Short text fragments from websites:
━━━━

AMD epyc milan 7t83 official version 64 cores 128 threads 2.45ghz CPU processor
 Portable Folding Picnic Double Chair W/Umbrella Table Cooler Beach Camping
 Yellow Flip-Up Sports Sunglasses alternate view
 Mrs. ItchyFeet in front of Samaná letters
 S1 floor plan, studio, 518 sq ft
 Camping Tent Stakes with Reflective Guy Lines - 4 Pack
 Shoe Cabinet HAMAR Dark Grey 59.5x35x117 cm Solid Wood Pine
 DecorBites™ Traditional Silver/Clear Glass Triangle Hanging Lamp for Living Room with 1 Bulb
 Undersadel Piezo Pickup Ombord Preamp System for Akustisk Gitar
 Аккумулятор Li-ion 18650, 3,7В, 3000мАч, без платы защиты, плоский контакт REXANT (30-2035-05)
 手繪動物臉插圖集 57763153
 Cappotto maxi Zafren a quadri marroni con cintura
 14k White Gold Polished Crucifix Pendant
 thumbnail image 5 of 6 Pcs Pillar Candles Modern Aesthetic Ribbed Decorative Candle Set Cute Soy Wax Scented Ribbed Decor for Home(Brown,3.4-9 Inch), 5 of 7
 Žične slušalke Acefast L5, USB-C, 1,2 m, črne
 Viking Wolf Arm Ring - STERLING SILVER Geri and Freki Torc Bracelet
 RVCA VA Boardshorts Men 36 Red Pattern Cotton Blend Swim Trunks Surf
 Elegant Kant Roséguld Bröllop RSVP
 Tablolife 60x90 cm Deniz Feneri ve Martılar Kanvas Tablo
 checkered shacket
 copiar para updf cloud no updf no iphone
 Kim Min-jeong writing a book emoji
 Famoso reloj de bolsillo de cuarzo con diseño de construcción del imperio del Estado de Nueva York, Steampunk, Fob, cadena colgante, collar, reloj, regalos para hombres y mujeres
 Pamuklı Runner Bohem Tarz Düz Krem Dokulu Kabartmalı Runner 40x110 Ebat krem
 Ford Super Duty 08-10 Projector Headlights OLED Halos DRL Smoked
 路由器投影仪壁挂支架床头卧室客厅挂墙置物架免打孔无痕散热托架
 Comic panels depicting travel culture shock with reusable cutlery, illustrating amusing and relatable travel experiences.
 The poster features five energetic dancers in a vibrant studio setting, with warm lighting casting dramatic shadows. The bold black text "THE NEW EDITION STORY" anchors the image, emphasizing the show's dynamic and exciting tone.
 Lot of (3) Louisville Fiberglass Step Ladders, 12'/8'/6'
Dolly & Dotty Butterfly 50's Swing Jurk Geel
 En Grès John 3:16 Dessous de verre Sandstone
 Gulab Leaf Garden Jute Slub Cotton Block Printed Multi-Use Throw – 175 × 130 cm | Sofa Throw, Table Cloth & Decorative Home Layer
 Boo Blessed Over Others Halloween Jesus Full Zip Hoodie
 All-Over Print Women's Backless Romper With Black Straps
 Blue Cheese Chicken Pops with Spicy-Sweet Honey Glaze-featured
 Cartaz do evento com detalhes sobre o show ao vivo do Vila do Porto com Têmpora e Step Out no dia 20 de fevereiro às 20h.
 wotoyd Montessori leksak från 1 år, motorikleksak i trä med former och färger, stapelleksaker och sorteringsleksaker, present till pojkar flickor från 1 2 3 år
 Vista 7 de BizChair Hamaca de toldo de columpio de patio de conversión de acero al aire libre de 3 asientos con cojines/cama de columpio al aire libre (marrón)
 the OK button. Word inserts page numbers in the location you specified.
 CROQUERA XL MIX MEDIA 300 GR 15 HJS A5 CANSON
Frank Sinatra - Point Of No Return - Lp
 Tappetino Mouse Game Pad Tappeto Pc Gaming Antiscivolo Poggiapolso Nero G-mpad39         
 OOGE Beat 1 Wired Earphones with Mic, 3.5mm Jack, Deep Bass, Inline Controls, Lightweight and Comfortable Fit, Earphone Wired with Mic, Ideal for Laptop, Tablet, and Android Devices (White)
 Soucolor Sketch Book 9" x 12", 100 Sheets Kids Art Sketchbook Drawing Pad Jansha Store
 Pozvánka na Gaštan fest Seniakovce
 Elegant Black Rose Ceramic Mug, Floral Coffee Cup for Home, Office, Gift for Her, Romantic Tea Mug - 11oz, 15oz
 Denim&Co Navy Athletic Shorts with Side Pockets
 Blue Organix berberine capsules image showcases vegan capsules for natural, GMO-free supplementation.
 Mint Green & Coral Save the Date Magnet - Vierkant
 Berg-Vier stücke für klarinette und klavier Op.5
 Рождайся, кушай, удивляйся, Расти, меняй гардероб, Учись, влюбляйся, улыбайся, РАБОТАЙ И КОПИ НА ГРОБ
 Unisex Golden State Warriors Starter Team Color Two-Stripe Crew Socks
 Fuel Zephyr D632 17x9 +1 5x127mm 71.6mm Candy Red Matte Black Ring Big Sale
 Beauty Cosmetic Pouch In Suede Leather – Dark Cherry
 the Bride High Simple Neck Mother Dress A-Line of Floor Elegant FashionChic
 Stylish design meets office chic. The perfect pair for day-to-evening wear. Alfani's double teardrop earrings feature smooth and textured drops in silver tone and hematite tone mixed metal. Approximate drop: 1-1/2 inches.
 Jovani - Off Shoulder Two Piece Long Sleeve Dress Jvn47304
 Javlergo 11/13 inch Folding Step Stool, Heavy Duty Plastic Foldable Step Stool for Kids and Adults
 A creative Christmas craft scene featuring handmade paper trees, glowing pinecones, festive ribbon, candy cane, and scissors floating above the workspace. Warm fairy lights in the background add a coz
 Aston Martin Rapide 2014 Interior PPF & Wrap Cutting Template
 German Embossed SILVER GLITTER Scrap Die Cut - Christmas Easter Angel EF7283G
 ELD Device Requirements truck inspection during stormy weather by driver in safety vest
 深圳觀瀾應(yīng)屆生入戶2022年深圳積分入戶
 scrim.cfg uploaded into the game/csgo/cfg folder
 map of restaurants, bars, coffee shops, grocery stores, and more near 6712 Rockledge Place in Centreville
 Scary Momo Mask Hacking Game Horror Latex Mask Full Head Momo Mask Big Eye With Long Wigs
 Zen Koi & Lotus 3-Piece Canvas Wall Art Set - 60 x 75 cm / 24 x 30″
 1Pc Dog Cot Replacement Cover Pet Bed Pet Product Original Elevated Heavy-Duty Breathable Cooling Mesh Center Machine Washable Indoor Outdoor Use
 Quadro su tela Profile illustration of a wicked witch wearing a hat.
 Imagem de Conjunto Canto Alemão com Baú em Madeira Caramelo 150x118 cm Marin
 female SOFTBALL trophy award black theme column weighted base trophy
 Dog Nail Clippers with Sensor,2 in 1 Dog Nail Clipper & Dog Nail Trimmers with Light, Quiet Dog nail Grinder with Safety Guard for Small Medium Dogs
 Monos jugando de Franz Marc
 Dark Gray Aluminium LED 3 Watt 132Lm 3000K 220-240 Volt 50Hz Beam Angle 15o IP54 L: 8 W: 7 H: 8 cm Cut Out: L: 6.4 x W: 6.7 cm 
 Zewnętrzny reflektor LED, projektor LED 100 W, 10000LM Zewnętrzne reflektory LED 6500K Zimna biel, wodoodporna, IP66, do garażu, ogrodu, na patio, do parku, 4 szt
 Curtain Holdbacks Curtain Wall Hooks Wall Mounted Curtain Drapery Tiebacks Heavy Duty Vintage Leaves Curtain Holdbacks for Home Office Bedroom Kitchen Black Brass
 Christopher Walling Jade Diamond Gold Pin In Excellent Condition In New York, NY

━━━━

Every record must be transcribed exactly, with no line skipped.

AMD epyc milan 7t83 official version 64 cores 128 threads 2.45ghz CPU processor
 Portable Folding Picnic Double Chair W/Umbrella Table Cooler Beach Camping
 Yellow Flip-Up Sports Sunglasses alternate view
 Mrs. ItchyFeet in front of Samaná letters
 S1 floor plan, studio, 518 sq ft
 Camping Tent Stakes with Reflective Guy Lines - 4 Pack
 Shoe Cabinet HAMAR Dark Grey 59.5x35x117 cm Solid Wood Pine
 DecorBites™ Traditional Silver/Clear Glass Triangle Hanging Lamp for Living Room with 1 Bulb
 Undersadel Piezo Pickup Ombord Preamp System for Akustisk Gitar
 Аккумулятор Li-ion 18650, 3,7В, 3000мАч, без платы защиты, плоский контакт REXANT (30-2035-05)
 手繪動物臉插圖集 57763153
 Cappotto maxi Zafren a quadri marroni con cintura
 14k White Gold Polished Crucifix Pendant
 thumbnail image 5 of 6 Pcs Pillar Candles Modern Aesthetic Ribbed Decorative Candle Set Cute Soy Wax Scented Ribbed Decor for Home(Brown,3.4-9 Inch), 5 of 7
 Žične slušalke Acefast L5, USB-C, 1,2 m, črne
 Viking Wolf Arm Ring - STERLING SILVER Geri and Freki Torc Bracelet
 RVCA VA Boardshorts Men 36 Red Pattern Cotton Blend Swim Trunks Surf
 Elegant Kant Roséguld Bröllop RSVP
 Tablolife 60x90 cm Deniz Feneri ve Martılar Kanvas Tablo
 checkered shacket
 copiar para updf cloud no updf no iphone
 Kim Min-jeong writing a book emoji
 Famoso reloj de bolsillo de cuarzo con diseño de construcción del imperio del Estado de Nueva York, Steampunk, Fob, cadena colgante, collar, reloj, regalos para hombres y mujeres
 Pamuklı Runner Bohem Tarz Düz Krem Dokulu Kabartmalı Runner 40x110 Ebat krem
 Ford Super Duty 08-10 Projector Headlights OLED Halos DRL Smoked
 路由器投影仪壁挂支架床头卧室客厅挂墙置物架免打孔无痕散热托架
 Comic panels depicting travel culture shock with reusable cutlery, illustrating amusing and relatable travel experiences.
 The poster features five energetic dancers in a vibrant studio setting, with warm lighting casting dramatic shadows. The bold black text "THE NEW EDITION STORY" anchors the image, emphasizing the show's dynamic and exciting tone.
 Lot of (3) Louisville Fiberglass Step Ladders, 12'/8'/6'
Dolly & Dotty Butterfly 50's Swing Jurk Geel
 En Grès John 3:16 Dessous de verre Sandstone
 Gulab Leaf Garden Jute Slub Cotton Block Printed Multi-Use Throw – 175 × 130 cm | Sofa Throw, Table Cloth & Decorative Home Layer
 Boo Blessed Over Others Halloween Jesus Full Zip Hoodie
 All-Over Print Women's Backless Romper With Black Straps
 Blue Cheese Chicken Pops with Spicy-Sweet Honey Glaze-featured
 Cartaz do evento com detalhes sobre o show ao vivo do Vila do Porto com Têmpora e Step Out no dia 20 de fevereiro às 20h.
 wotoyd Montessori leksak från 1 år, motorikleksak i trä med former och färger, stapelleksaker och sorteringsleksaker, present till pojkar flickor från 1 2 3 år
 Vista 7 de BizChair Hamaca de toldo de columpio de patio de conversión de acero al aire libre de 3 asientos con cojines/cama de columpio al aire libre (marrón)
 the OK button. Word inserts page numbers in the location you specified.
 CROQUERA XL MIX MEDIA 300 GR 15 HJS A5 CANSON
Frank Sinatra - Point Of No Return - Lp
 Tappetino Mouse Game Pad Tappeto Pc Gaming Antiscivolo Poggiapolso Nero G-mpad39         
 OOGE Beat 1 Wired Earphones with Mic, 3.5mm Jack, Deep Bass, Inline Controls, Lightweight and Comfortable Fit, Earphone Wired with Mic, Ideal for Laptop, Tablet, and Android Devices (White)
 Soucolor Sketch Book 9" x 12", 100 Sheets Kids Art Sketchbook Drawing Pad Jansha Store
 Pozvánka na Gaštan fest Seniakovce
 Elegant Black Rose Ceramic Mug, Floral Coffee Cup for Home, Office, Gift for Her, Romantic Tea Mug - 11oz, 15oz
 Denim&Co Navy Athletic Shorts with Side Pockets
 Blue Organix berberine capsules image showcases vegan capsules for natural, GMO-free supplementation.
 Mint Green & Coral Save the Date Magnet - Vierkant
 Berg-Vier stücke für klarinette und klavier Op.5
 Рождайся, кушай, удивляйся, Расти, меняй гардероб, Учись, влюбляйся, улыбайся, РАБОТАЙ И КОПИ НА ГРОБ
 Unisex Golden State Warriors Starter Team Color Two-Stripe Crew Socks
 Fuel Zephyr D632 17x9 +1 5x127mm 71.6mm Candy Red Matte Black Ring Big Sale
 Beauty Cosmetic Pouch In Suede Leather – Dark Cherry
 the Bride High Simple Neck Mother Dress A-Line of Floor Elegant FashionChic
 Stylish design meets office chic. The perfect pair for day-to-evening wear. Alfani's double teardrop earrings feature smooth and textured drops in silver tone and hematite tone mixed metal. Approximate drop: 1-1/2 inches.
 Jovani - Off Shoulder Two Piece Long Sleeve Dress Jvn47304
 Javlergo 11/13 inch Folding Step Stool, Heavy Duty Plastic Foldable Step Stool for Kids and Adults
 A creative Christmas craft scene featuring handmade paper trees, glowing pinecones, festive ribbon, candy cane, and scissors floating above the workspace. Warm fairy lights in the background add a coz
 Aston Martin Rapide 2014 Interior PPF & Wrap Cutting Template
 German Embossed SILVER GLITTER Scrap Die Cut - Christmas Easter Angel EF7283G
 ELD Device Requirements truck inspection during stormy weather by driver in safety vest
 深圳觀瀾應(yīng)屆生入戶2022年深圳積分入戶
 scrim.cfg uploaded into the game/csgo/cfg folder
 map of restaurants, bars, coffee shops, grocery stores, and more near 6712 Rockledge Place in Centreville
 Scary Momo Mask Hacking Game Horror Latex Mask Full Head Momo Mask Big Eye With Long Wigs
 Zen Koi & Lotus 3-Piece Canvas Wall Art Set - 60 x 75 cm / 24 x 30″
 1Pc Dog Cot Replacement Cover Pet Bed Pet Product Original Elevated Heavy-Duty Breathable Cooling Mesh Center Machine Washable Indoor Outdoor Use
 Quadro su tela Profile illustration of a wicked witch wearing a hat.
 Imagem de Conjunto Canto Alemão com Baú em Madeira Caramelo 150x118 cm Marin
 female SOFTBALL trophy award black theme column weighted base trophy
 Dog Nail Clippers with Sensor,2 in 1 Dog Nail Clipper & Dog Nail Trimmers with Light, Quiet Dog nail Grinder with Safety Guard for Small Medium Dogs
 Monos jugando de Franz Marc
 Dark Gray Aluminium LED 3 Watt 132Lm 3000K 220-240 Volt 50Hz Beam Angle 15o IP54 L: 8 W: 7 H: 8 cm Cut Out: L: 6.4 x W: 6.7 cm 
 Zewnętrzny reflektor LED, projektor LED 100 W, 10000LM Zewnętrzne reflektory LED 6500K Zimna biel, wodoodporna, IP66, do garażu, ogrodu, na patio, do parku, 4 szt
 Curtain Holdbacks Curtain Wall Hooks Wall Mounted Curtain Drapery Tiebacks Heavy Duty Vintage Leaves Curtain Holdbacks for Home Office Bedroom Kitchen Black Brass
 Christopher Walling Jade Diamond Gold Pin In Excellent Condition In New York, NY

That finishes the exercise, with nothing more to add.